Minister of Health and Population of Algeria
- In office April 15, 1994 – December 23, 1999
- Preceded by: Mohamed Seghir Babes
- Succeeded by: Amara Benyounes

Minister of Youth and Sports of Algeria
- In office May 1, 2005 – June 4, 2007
- Preceded by: Abdelaziz Ziari
- Succeeded by: Hachemi Djiar

Personal details
- Born: يحيى قيدوم 1940 or 1941 Constantine, French Algeria (now Algeria)
- Died: March 3, 2020 Constantine, Algeria
- Party: Democratic National Rally
- Occupation: Surgeon

= Yahia Guidoum =

Algerian politician (1940/1941–2020)

Yahia Guidoum (Arabic: يحيى قيدوم) was an Algerian surgeon and politician who served as the Minister of Youth and Sports from 2005 to 2007 and the Minister of Health from 1994 to 1999.

== Biography ==
Guidoum was born in Constantine in 1940 or 1941. He was a doctor trained in orthopedic surgery, and headed the orthopedics department at Constantine University Hospital. He was a doctor at hospitals in Sétif, Constantine, and Algiers from 1965 to 2008.
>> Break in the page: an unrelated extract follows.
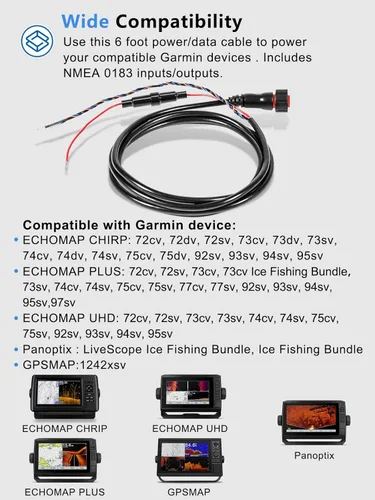 Vista 3 de 010-12445-00 Cable de alimentación/datos roscado de 4 pines para Garmin echoMAP Chirp, ECHOMAP Plus UHD, GPSMAP, Panoptix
At some point, he was Minister of Labor of Algeria. Guidoum served as the Minister of Health and Population from April 15, 1994 to December 23, 1999. From May 1, 2005 to June 4, 2007, he served as the Minister of Youth and Sports. He was part of the National Democratic Rally (RND) party, where he was a senior member.

Guidoum died on March 3, 2020 at the age of 79 in Ibn Badis University Hospital. He was buried in Constantine's Zouargh cemetery. In 2021, a new trauma center was created in Tipaza named after Guidoum.